Eine weitere Ausnahme besteht bei Betriebsärzten, da hier das oben angesprochene Vertrauensverhältnis zwischen Arzt und Patient nicht in dieser ausgeprägten Form besteht. Zwar unterfällt der Betriebsarzt auch der ärztlichen Schweigepflicht. Allerdings ist er bestellt, um den Arbeitgeber bei Gesundheitsfragen in dessen Unternehmen zu unterstützen. Arbeitnehmer werden daher zu Pflichtuntersuchungen gebeten, damit der Arbeitgeber seiner Sorgfaltspflicht gegenüber seinen Arbeitnehmern in Bezug auf ein gesundes Arbeitsumfeld gerecht wird.

Allerdings bedeutet das nicht, dass Arbeitnehmer sich in allen medizinischen Fragen an den Betriebsarzt wenden müssen. Meist wird auch hier für spezielle medizinische Probleme auf den Hausarzt oder einen Spezialisten zurückgegriffen. Der Betriebsarzt hat im besten Falle also nur das verlangte Minimum an medizinischen Daten in seinen Aufzeichnungen – zumindest solange, wie Arbeitnehmer sich nicht auf freiwilliger Basis dem Betriebsarzt anvertrauen.

Bei einem Wechsel des Betriebsarztes wird daher davon ausgegangen, dass die Patientenakten an den neuen Betriebsarzt übergeben werden. Schließlich soll der in der Lage sein, die Aufgaben seines Vorgängers für den Arbeitgeber nahtlos weiter erfüllen zu können. Eine ausdrückliche Einwilligung der Mitarbeiter bzw. Patienten ist hier daher nicht vorgesehen. Aus Transparenzgrüngen sollte aber ein Wechsel des Betriebsarztes im Unternehmen deutlich kommuniziert werden.

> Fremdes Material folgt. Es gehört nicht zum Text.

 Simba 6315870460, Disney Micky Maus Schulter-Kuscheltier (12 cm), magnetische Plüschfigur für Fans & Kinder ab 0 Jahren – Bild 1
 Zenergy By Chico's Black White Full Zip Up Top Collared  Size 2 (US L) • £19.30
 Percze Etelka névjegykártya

Ferner ist auch zu beachten, dass bei einem Wechsel des Betriebsarztes zumindest eine Widerspruchsmöglichkeit für die Teile der Akte eingeräumt wird, die der Vorgänger außerhalb einer Pflichtuntersuchung angelegt hat. Mit anderen Worten: Die medizinischen Daten, die ein Patient dem Betriebsarzt freiwillig zugänglich gemacht hat, unterfallen eben nicht dieser Ausnahme und müssen für den neuen Betriebsarzt gesperrt werden.

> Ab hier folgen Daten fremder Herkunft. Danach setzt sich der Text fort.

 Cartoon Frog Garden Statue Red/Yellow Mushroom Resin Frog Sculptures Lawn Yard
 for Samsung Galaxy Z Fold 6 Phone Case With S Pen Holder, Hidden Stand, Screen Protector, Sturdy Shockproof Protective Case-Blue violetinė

Aufbewahrungspflichten für Patientenakten

In diesem Zusammenhang sei noch darauf hingewiesen, dass weder Altakten bei einer Praxisübernahme, noch Teile der Patientenakte bei einem Wechsel des Betriebsarztes gelöscht werden dürfen. Dies gilt auch, wenn eine Praxis mangels Nachfolger ganz geschlossen werden muss. Medizinische Akten sind in Deutschland zehn Jahre lang aufzubewahren. Patientenakten bzw. Teile dieser dürfen daher nur gesperrt werden (und müssen dies auch!), wenn die oben beschriebenen Voraussetzungen nicht vorliegen.

Im Falle der vollständigen Schließung einer Arztpraxis muss dies ebenso beachtet werden. Die Akten sind sicher zu verwahren, um einen späteren Zugriff durch den jeweiligen Patienten zu gewährleisten. Erst nach der gesetzlichen Frist dürfen die Akten vernichtet werden.

Dieser aktualisierte Artikel wurde zuerst am 19. November 2015 veröffentlicht.